滅多に見る事の出来ないそのかわいらしい笑顔に、ディアッカの胸が痛い程に高鳴った。
この笑顔は、自分だけに…ディアッカだけに、向けられたもの。
そしてこの時計も、ミリアリアが初めて自分にくれたもの。
 
 
「…メシ、行かない?」
嬉しくて仕方ないはずなのに、ぽろり、と口から零れ出たのはそんな言葉で。
俺ってこんな不器用だったっけ?とディアッカは心の中でくすりと笑う。
 
「え、まだ食べてないの?」
「だって親爺に呼び出されたんだもん」
「んもう…じゃあ早く行きましょ!私も急がないとサイに迷惑かけちゃう!あ、マードックさんにもお礼言わなくちゃ。」
 
そう言って立ち上がったミリアリアは、自分の肩にかけられたディアッカのジャンパーをそっと差し出す。
 
「…これも、ありがとう。
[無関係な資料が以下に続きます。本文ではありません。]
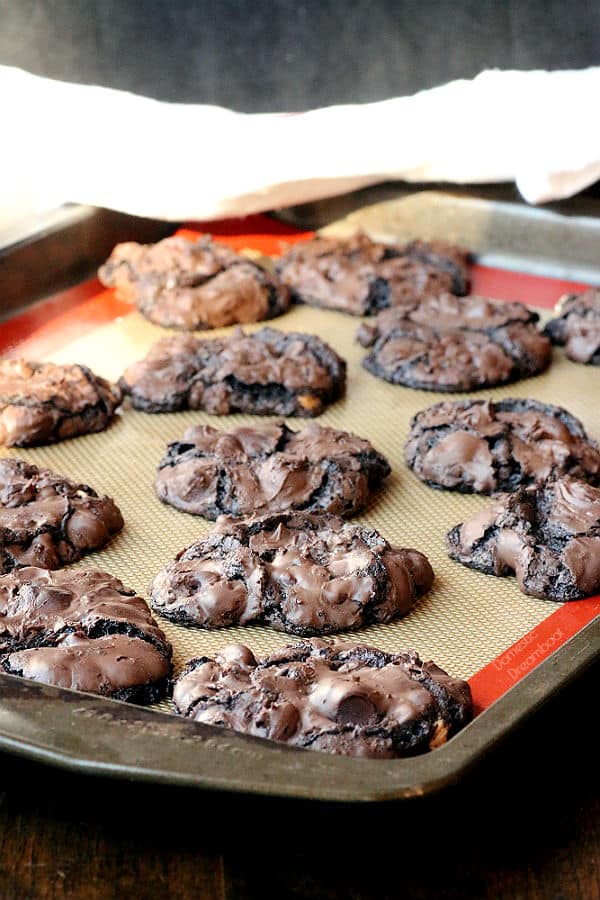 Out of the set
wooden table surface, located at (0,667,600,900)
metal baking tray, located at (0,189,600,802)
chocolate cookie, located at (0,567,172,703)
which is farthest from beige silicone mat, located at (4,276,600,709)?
Answer: wooden table surface, located at (0,667,600,900)

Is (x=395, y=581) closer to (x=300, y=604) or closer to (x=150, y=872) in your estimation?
(x=300, y=604)

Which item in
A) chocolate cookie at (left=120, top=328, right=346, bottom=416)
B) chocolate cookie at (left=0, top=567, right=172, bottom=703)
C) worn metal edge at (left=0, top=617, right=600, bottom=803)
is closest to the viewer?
worn metal edge at (left=0, top=617, right=600, bottom=803)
あとね、こないだ被弾したのはディアッカのせいじゃないのよ?だから、そういうの、気にしちゃだめよ?」
 
突然告げられた言葉に、ディアッカの目が見開かれた。
 
 
「バスターがAAの近くにいてくれるから、私もみんなも安心出来るしフラガさんだってキラだって前に出て戦える。
だけど、どうしたって全部は防ぎきれない時もあるでしょ?そう言う事もそうだし、あんたがいつも頑張って戦ってくれてるの、私もみんなもちゃんと分かってるから。
…いつも、守ってくれてありがとう、ディアッカ。」
 
 
そう言って、にっこり笑ったミリアリアをディアッカはただ見つめる事しか出来なくて。
「…ねぇ、聞いてる?」
不思議そうに首を傾げるミリアリアに、ディアッカははっと我に返って頷いた。
 
 
「あ、ああ、うん。聞いてた。」
「そ。ならいいんだけど。…ねぇ、食堂行かないの?」
「ああ…うん。あ、あのさ…」
「え?」
「コレ…時計、もそうだし、サンキュ。…いろいろと。」
 
 
守ってくれて、ありがとう。
例えその言葉が、ミリアリアだけでなく皆の言葉を代弁したものだとしても。
ミリアリアからその言葉を告げられた事が、ディアッカは何より嬉しかった。
守りたい、という想いがほんの少しでも、伝わった気がして。
そして自分の腕に巻かれた時計も、ミリアリアの腕にある金色の星が光る時計も、ディアッカの心を温かくしてくれて。
 
 
「行こうぜ?早くしねーと食いっぱぐれちまう。」
「えー。それはないわよ!…ちょっと冷えてるかもしれないけど。」
「うぇ。冷や飯はもう勘弁なんだけどなぁ…」
「私だって嫌よ!ね、早く行きましょ?」
 
気の利いた言葉ひとつ言えない自分をちょっとだけ情けなく思いながらも、ディアッカはミリアリアの言葉にくすりと笑い、格納庫を出ると二人並んで食堂へと歩き出した。
 
 
 
 
 
 
 

007

9000hit御礼小説、いかがでしたでしょうか?
ミリアリアがディアッカにあげたこの時計が、「心を重ねて」14話 指輪と時計 
で出てくるものになります(●´艸`)
そして、ディアッカがミリアリアの為に調達したこの時計もまた、7777hit御礼小説
「メリークリスマス」にちょろっと出てくるものです。
ディアッカは、本当に嬉しかったんですね。
だって、このあと2年以上ずっとこれを使い続けてるんですもんね。
そして今回、マードックさんがとにかくいい仕事してくれてます(笑)
フラガさんとはまた違った視点でDMを見守る、素敵な兄さんです!!
そしてディアッカの純情っぷりに、書いていてキュンキュンしてしまいました(●´艸`)
ミリアリアに対してはとことん不器用なディアッカと、天然で殺し文句をばんばん放出する
ミリアリアもまたイイですねvvv

あっという間に9000hitを超え、次は10000hitです。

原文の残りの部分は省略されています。